Consider the Bored Ape NFTs that Yuga Lab produced as part of the Bored Ape Yacht Club initiative. It grants NFT owners access to an exclusive club, and its popularity soared when celebrities like Eminem, Jimmy Fallon, and Justin Bieber purchased Bored Apes. As soon as this happened, speculation ensued, causing the project to enter a bubble that drove up the price of these digital items to tens or even hundreds of thousands of dollars.

A speculative market’s capacity to retain or expand its value distinguishes it from an investment-worthy market. As fewer people buy them, the price of non-fungible tokens (NFTs) seems to be declining; for example, the floor price of Bored Apes went below $100,000 in June 2022. Many individuals saw these NFTs as a worthwhile investment. Although a select few have managed to hold on during the bear market, many others are understandably frustrated that the value of their investment has not been safeguarded.

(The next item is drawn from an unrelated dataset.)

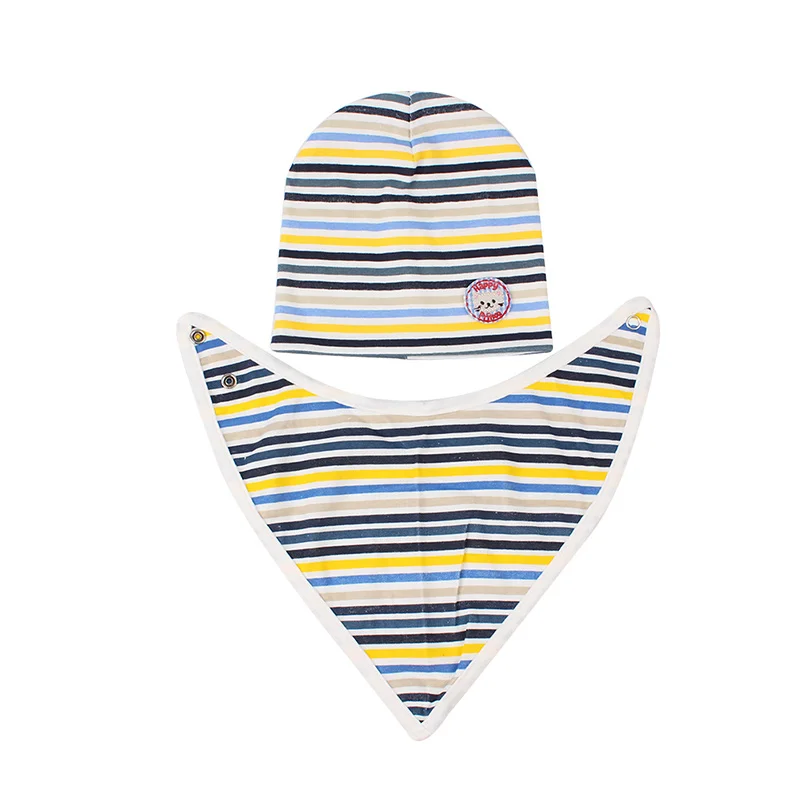 Fashion Striped Baby Hat Bib Set Cotton Infant Baby Beanie Boys Girls Tire Hat With Trangle Bibs Autumn Baby Boys Clothing (1)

Intellectual property rights are often infringed.

This elaborates the phrase “the market is uncontrolled,” yet it is significant enough to have its debate. When utilized with caution, NFTsmay achieve the purpose they are often proposed for, namely to aid innovators in managing the rights to their ideas. However, they do not address what happens when stolen artwork is resold as a non-monetary asset.

It is not a new practice for individuals to steal the work of others to benefit from it. Nonetheless, even though markets like OpenSea offer artists tools to safeguard their intellectual property, it is often said that these marketplaces do not do enough. This begs the question, what do you possess when buying an NFT?

The majority of NFT projects fail to launch.

An even worse problem with NFTs is that it is tough to be successful as an NFT creator. The daily cost of minting a new NFT on the Ethereum network may fluctuate significantly. If a project attempts to stamp its NFTs during blockchain congestion, it will be obliged to pay significant fees.

It is typical for non-financial transaction businesses to fail and be unprofitable, or at most break even, leaving the original developer without compensation for their work. The transaction is considered a loss if the NFT is sold for less than its initial purchase price. This suggests that to raise the value of NFTs, developers must invest a substantial amount of money and effort in marketing and promotion.

Minting non-fungible tokens (NFTs) on carbon-neutral blockchains, such as Polygon or Solana, or using an NFT marketplace offering low-cost or even free NFT minting are other feasible options. However, most of them are hosted on Ethereum, and the high transaction fees are a by-product of the blockchain’s high transaction costs. This problem is anticipated to be rectified when Ethereum 2.0 is released.

NFTS ARE PROBLEMATIC.

There is nothing improper about appreciating NFTs. However, before reaching a decision, all arguments must be examined. NFTs can provide solutions to a wide variety of issues, but they also generate many new problems.